Studi Masyarakat Indonesia dan Jembatan Ketimpangan Informasi

Buku “Studi Masyarakat Indonesia” sangat bagus untuk memahami bagaimana struktur masyarakat dan sistem sosial di Indonesia menciptakan diskriminasi yang bahkan tidak pernah hilang hingga saat ini. Buku ini ditulis secara lengkap dari mulai asal mula masyarakat Indonesia hingga isu-isu terkini seperti penyelesaian konflik dan gender. Sebagai suatu buku dalam kajian sosiologi, buku ini dapat menjadi pilihan tepat untuk memahami mengenai masyarakat Indonesia dan dinamika di dalamnya.

Buku Handoyo et al. tidak menjelaskan mengenai diskriminasi dan ketimpangan informasi. Hal tersebut merupakan kesan saya setelah membaca buku tersebut dan pendidikan saya di bidang Ilmu Komunikasi. Dalam komunikasi interpersonal, dikenal Uncertainty Reduction Theory dimana hal tersebut saya aplikasikan ke dalam informasi yang saya dapat dari membaca buku “Studi Masyarakat Indonesia”.

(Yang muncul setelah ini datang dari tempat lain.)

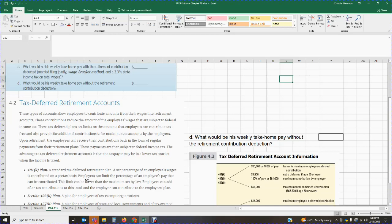The advantage of tax-deferred retirement accounts is that the taxpayer may be in a lower tax bracket when the income is taxed. They are assuming that by the time you retire, you'll have less income than you currently have, thus you'll be in a lower tax bracket paying less federal income tax. So currently, any money you put into your retirement account is not going to be taxed for federal income tax purposes.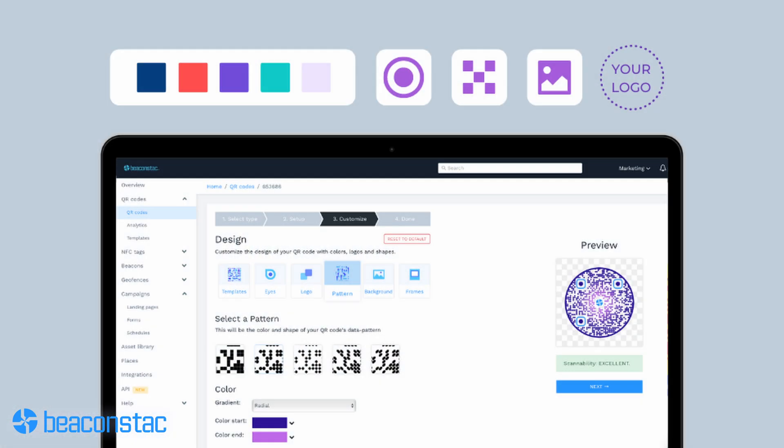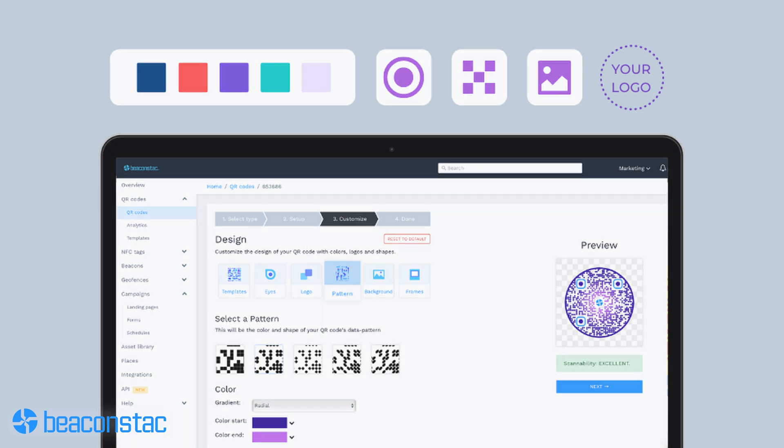Extensive customization and editability. Consistent brand representation is significant for users as it emotionally connects them with a brand. A customized QR code allows you to effectively represent your brand with logos, CTAs, or anything else. These custom QR codes have the crucial advantage of grabbing your audience's attention and prompting them to download your app. With Beacon Stack, you can not only create a custom dynamic QR code, but you can also edit the data in your QR code even after printing them.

Untuk menjembatani ketimpangan, perlu adanya uncertainty reduction yang dilakukan dengan mengumpulkan informasi dan berlangsung secara resiprokal. Dalam konteks Indonesia dan Senegal, masyarakat kedua negara perlu berhenti berlaku ignorant dan berusaha mencari informasi yang benar untuk memperoleh gambaran yang tepat. Meski demikian, di akhir kesan saya terhadap buku Handoyo et al., secara akar dan sistem sosial masyarakat, orang Indonesia pada umumnya memang suka dengan diskriminasi dan “rasisme” karena adanya golongan mayoritas dan kemajemukan yang tidak memiliki kehendak bersama (common will). Jadi, tidak heran apabila rasisme dalam pikiran orang Indonesia terhadap orang Afrika mungkin juga berakar sistem sosial yang menyuburkan perilaku tersebut.